Patti is a sarcastic and hilarious narrator. The book opens up with some band jokes at the expense of the viola and my favorite is:
Q: "You're lost in the woods and meet a pink elephant and a good viola player. Who do you ask for directions?
A: The pink elephant-a good viola player is just a figment of your imagination."
The chapter that this joke is in is called Pink Elephants. Each chapter has a clever title that ties into the book in obvious and not so obvious ways. Patti is considered a nerd. She has glasses and thinks she's fat with a "pudgy Korean face". She's really smart and she actually proves that some of the knowledge you learn in school does apply in real life, but not in a tedious way. She applies math equations and SAT words in fresh, funny situations. Good Enough also contains Korean recipes with Spam. I never knew that Koreans were so into Spam, but according to Patti (who gives the reader the stats to back her up) when the Americans brought Spam to Korea during the Korean War (from 1950-1953), the Koreans tried it and loved it. "Outside of the United States, Korea eats more Spam than any other country in the world. It's even considered a very classy gift to give to your loved ones over the holidays." The Spam recipes are different to say the least and I enjoyed reading about various Korean dishes. The book isn't all jokes and humor, there are very real incidents of racism. Patti is the only Asian student at her high school and she gets called 'Jap', 'chink' or 'gook'. Not only are these names derogatory, but Patti's Korean but no one cares to make the distinction! I would have liked to see Patti stand up for herself a little more, because the few times she does she's awesome and really makes a point! Patti isn't very rebellious, her few small acts of rebellion are relatively harmless but it's good to see her start to live. Her descriptions of how happy and peaceful she feels when she plays the violin are very descriptive and I imagine many people who love to play their instrument will be able to really connect to how Patti feels, even I was and I don't play anything!

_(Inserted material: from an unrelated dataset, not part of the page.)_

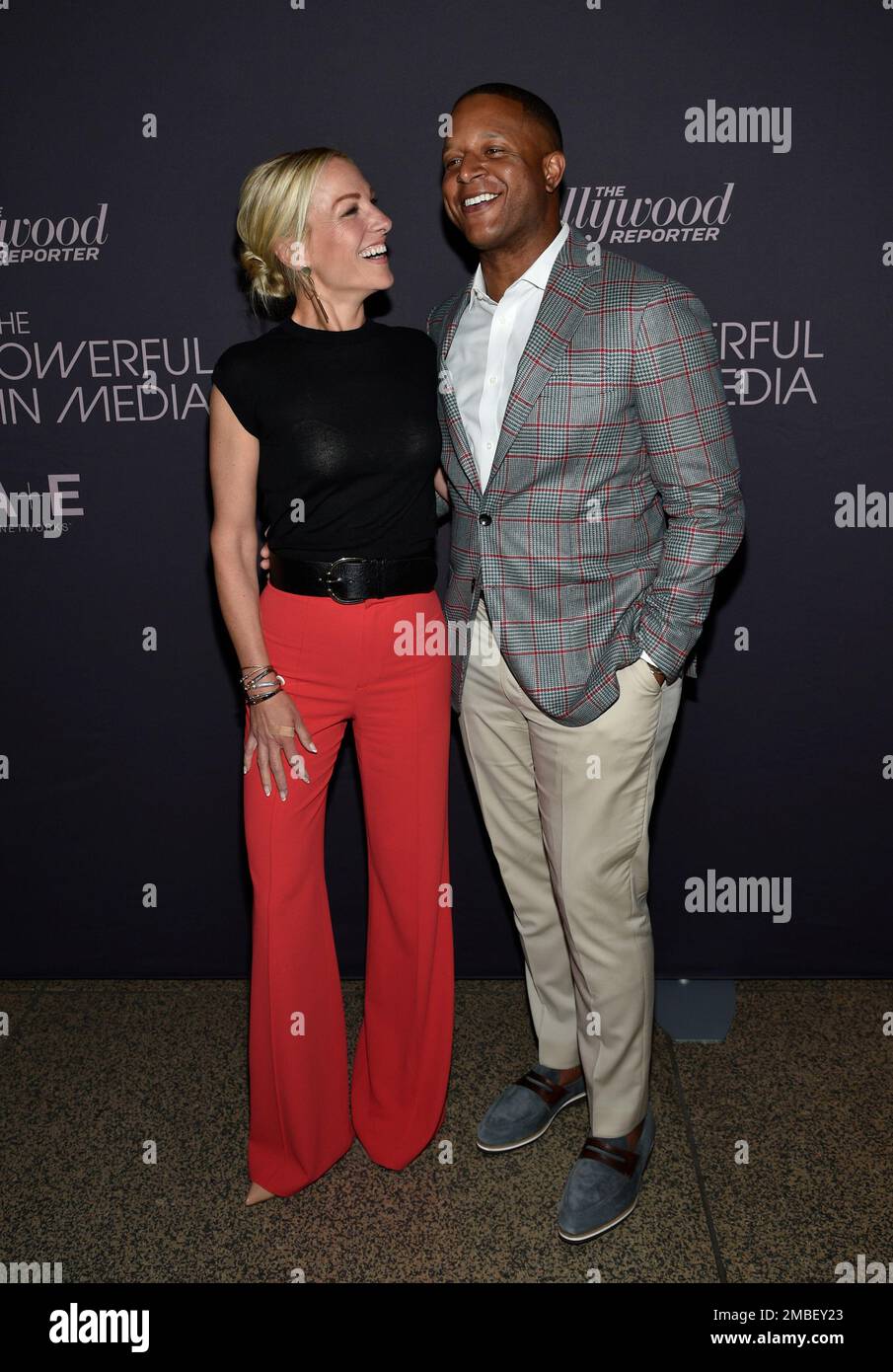 Craig Melvin, right, and wife Lindsay Czarniak attend The Hollywood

She's describing how you feel when you're doing something you love.
I didn't like Cute Trumpet Guy. But then again I did. I liked him because he was nice to Patti, he looked past her seemingly "nerd" exterior. They jam together which is very cute. Not only does Cute Trumpet Guy (whose name is actually Ben) play the trumpet, but he also plays the guitar. He invites Patti to play her violin with his guitar in his garage and they rock out. Ben listens to Patti and encourages her to check out Julliard and follow her own dreams. However, I think he led her on for too long. A guy isn't as clueless as he seemed to be. Out of all the characters, he was the most unrealistic. However, I enjoyed reading about all the other characters, especially the Korean church youth group. They all had funny stories and they were a very sweet, close knit group dealing with all the pressures their Korean parents placed on them (apparently, Korean church's sole purpose is for parents to brag about their children to other church members). In reading this book I was introduced to some rock bands and classical pieces that I hadn't heard of (I'm listening to them as I write this review!) and I like them.

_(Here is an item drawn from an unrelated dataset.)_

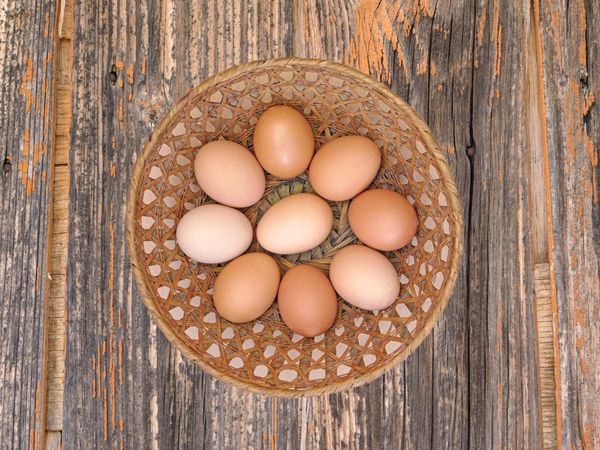 Eggs On The Wooden Background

Good Enough is ultimately about learning that happiness and success are not the same thing and that it's ok to have your own dreams, ask questions and be yourself. Don't just sit back and let your parents plan your future without asking questions. Also, it asks the question 'Are you overextending yourself? Too much unnecessary stress?', Patti puts 110% in everything she does to please her parents and I liked seeing her grow and become her own person. It has a good mix of humor and seriousness. The ending is good, wrapped up neatly but it's not fake or forced, it all flows smoothly. I highly recommend this book, Good Enough is more than good! (haha couldn't resist that little joke). High school and up.
PS I was saddened that Patti doesn't enjoy playing my sport, field hockey :( Oh, Paula Yoo why couldn't it have been lacrosse or floor hockey? LOL. Oh well, I enjoyed reading a book about someone who hated it, made me laugh.
Disclosure: I received this book from the publishing house, HarperCollins. Thanks Jana!